Una lettera per riaffermare «il mito» di Paolo Borsellino, fondamentale per la sua scelta di impegnarsi in politica, e per spiegare perché diserterà la fiaccolata della destra: «Ho altri impegni, non temo contestazioni». Nel giorno dell’anniversario della strage di via D’Amellio, in cui morirono il giudice Borsellino e cinque agenti della scorta, Giorgia Meloni sceglie il Corriere della Sera per una lettera che ricorda – nelle intenzioni e nei toni – quella pubblicata sullo stesso giornale per il 25 aprile.

«In questi giorni è stato detto un po’ di tutto sulla mia presenza a Palermo. C’è chi ha scritto che avrei disertato le commemorazioni perché in crisi con il mito Borsellino. È ovviamente falso – scrive Meloni – così come è stucchevole il tentativo di strumentalizzare la mia impossibilità, data da impegni concomitanti, di partecipare alla tradizionale fiaccolata di Palermo».

Niente problemi di ordine pubblico, dunque, come si è detto martedì. Niente paura di possibili contestazioni, come filtrato (e non smentito) da palazzo Chigi: la presidente del Consiglio presiederà il Comitato per l’ordine pubblico e la sicurezza «per fare il punto sul lavoro svolto nell’attività di contrasto alla criminalità organizzata».

Il mito Borsellino

Nella seconda parte della lettera, la premier rivendica l’eredità di Paolo Borsellino, magistrato antimafia diventato un’icona della destra italiana: «Ricordo come se fosse ieri il viscerale rifiuto della mafia che, da ragazza, provai di fronte alle immagini della strage di via D’Amelio. Da quel rifiuto nacque il lungo, convinto impegno politico che mi ha portato da militante di un movimento giovanile fino alla presidenza del Consiglio».

Contro la mafia

L’ultimo passaggio della lettera è dedicato alla lotta alla mafia, che «per l’esecutivo è una priorità: sono profondamente orgogliosa del fatto che il governo che oggi presiedo abbia avuto, dal suo primo giorno, la determinazione e il coraggio necessario ad affrontare il cancro mafioso a testa alta».

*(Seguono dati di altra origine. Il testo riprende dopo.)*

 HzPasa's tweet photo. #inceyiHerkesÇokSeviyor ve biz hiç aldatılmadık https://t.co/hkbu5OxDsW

A questo proposito, Meloni snocciola i risultati fin qui ottenuti: «Abbiamo messo in sicurezza presidi come la restrizione dei benefici penitenziari, e se boss come Messina Denaro sono detenuti al 41 bis lo si deve a questo impegno. Abbiamo sbloccato le assunzioni nelle forze dell’ordine e stiamo lavorando per dare un’interpretazione autentica di cosa si debba intendere per reati di criminalità organizzata».